The LDS Church's São Paulo Missionary Training Center, which can accommodate up to 700 trainees, currently houses only about 60, none of them U.S. citizens. And the Utah-based Church of Jesus Christ of Latter-day Saints has lowered the missionary age from 19 to 18 for male Brazilians to make up for the loss of full-time American missionaries.
The reason? Visa snags. And who can Mormon missionaries and their parents blame for the delays? The U.S. State Department and its counterpart in Brazil.
This is no small headache for the LDS Church. Brazil boasts more than a million members, the world's third-largest Mormon population, after the United States and Mexico. It has 27 missions, more than any country outside the U.S. About 10 percent of the faith's 52,000 missionaries are called to Brazil. Any disruption in the flow of full-time missionaries could slow the number of converts and hamper the stability of LDS congregations there.
Waiting for weeks or months for visas takes an emotional toll on individual missionaries.
Rachel Smith, of Taylorsville, assigned to the Brazil Maceio Mission, was initially told to report to the São Paulo training center in October 2009. But a week before her departure, she got a call saying she would learn Portuguese instead at the Provo MTC. She ended up staying five weeks beyond the usual two-month training, waiting for her visa. (Some of those waiting on visas are temporarily assigned to other missions.)
"Rachel tried to keep a positive attitude," said her mother, Susan Smith, on Tuesday. "But she said it was hard to see people arrive at the MTC after her and leave before her."
Susan Smith also noted the issue's financial impact. Her daughter left for Brazil a day after her visa arrived without warning and, her mother said, the airfare was several times more than it would have been if the church had been able to buy it well in advance.
Observers say the problem has escalated in the past 18 months after the U.S. government moved to a fully computerized visa process and required visitors from certain countries such as Brazil to be fingerprinted, pass a background check and pay higher fees.
Brazil complained about the new rules, wrote Mormon blogger Kent Larsen (times-andseasons.org), who is in the South American country this week attending a Mormon studies conference.
"It has also retaliated against some of those trying to visit Brazil, including LDS missionaries," Larsen wrote.
Gary Neeleman, Utah's honorary consul to Brazil, acknowledges that retaliation may motivate some of the delays. But he says the Brazilian bottleneck is caused largely by "bad planning."
"The new system was not thought out as well as it should have been," Neeleman said. "There are too few people dealing with the rush of visa applications, which is overwhelming."

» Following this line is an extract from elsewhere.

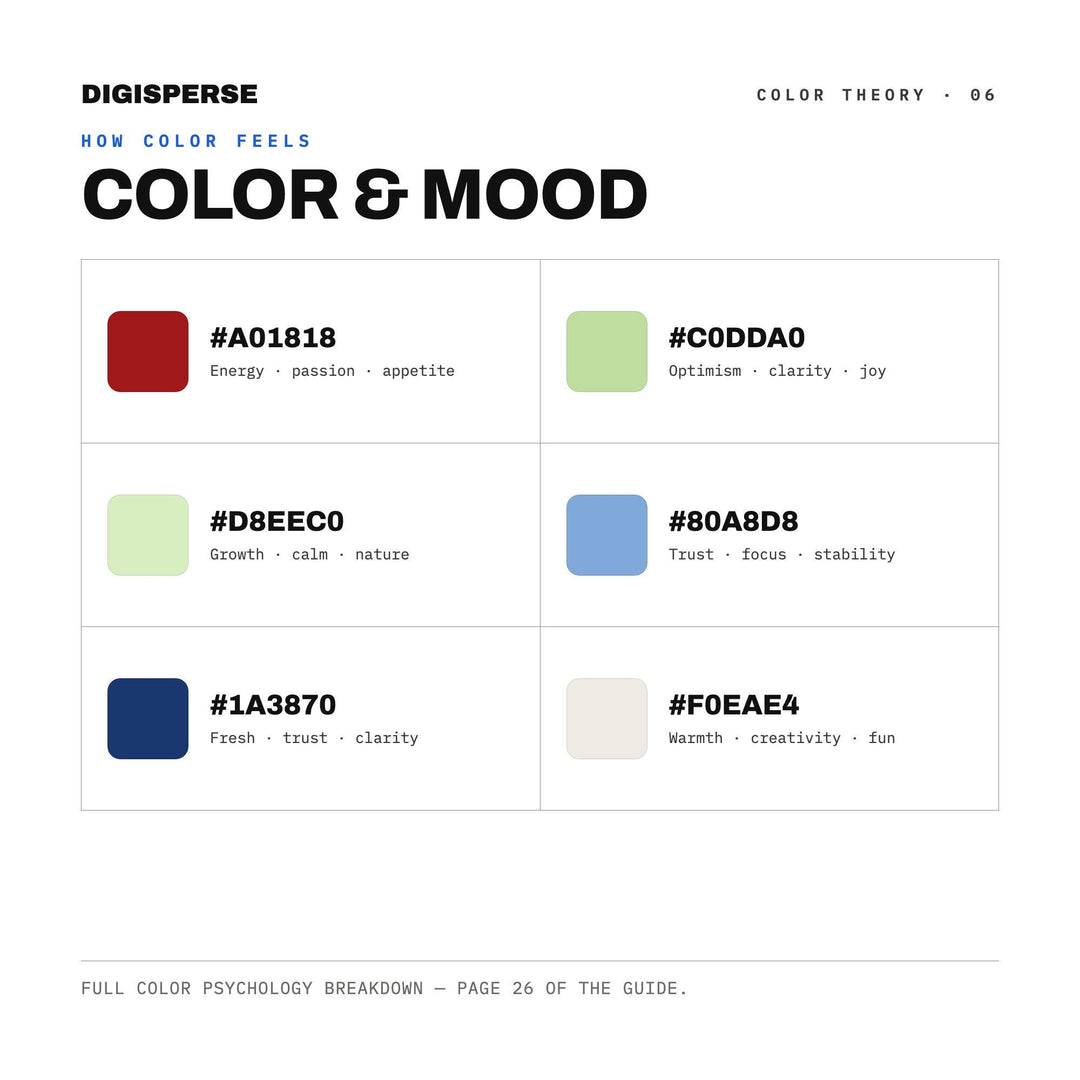 Emotional Deep Color Palette for Expressive Abstract Art and Healing Branding, 30 Cathartic Renewal Hues, Procreate Swatches, Hex Codes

All Utah visas for Brazil have to be issued in Los Angeles, he said, which has half as many personnel as needed. It would be nice to ship some of the applications to less-swamped San Francisco, Neeleman said, but the system doesn't work that way.
He has suggested that, until the problem is resolved, the LDS Church call its Brazil-bound missionaries not from Utah but from other states such as Idaho, Illinois and Indiana, which don't have to get their visas through Los Angeles.
The process on both ends is a long one, with dual background checks here and in Brazil, said Heather Barney, spokeswoman for U.S. Sen. Orrin Hatch, R-Utah.
"There's not a lot we can do to speed it up," Barney says.
Neeleman is in contact with Brazilian officials and hopes the process can be streamlined. He is encouraged by the recent appointment of Antonio Patriota as the country's new foreign minister. Two years ago, Neeleman said, Patriota was in Utah, where he met with LDS leaders and visited Provo's MTC.
The LDS Church believes the Brazilian visa waiting game soon will end.
The church has "a long, congenial history with Brazil and its people," spokesman Scott Trotter said, "and we'll continue to work through the ebb and flow of the visa process."
But one change may be here to stay: calling Brazilian men on missions as early as age 18.
"The Brazilian educational system doesn't normally accommodate a two-year deferment as the colleges and universities do in the United States," Trotter said. "This allows young men to serve missions, fulfill their military obligations and receive higher-level education."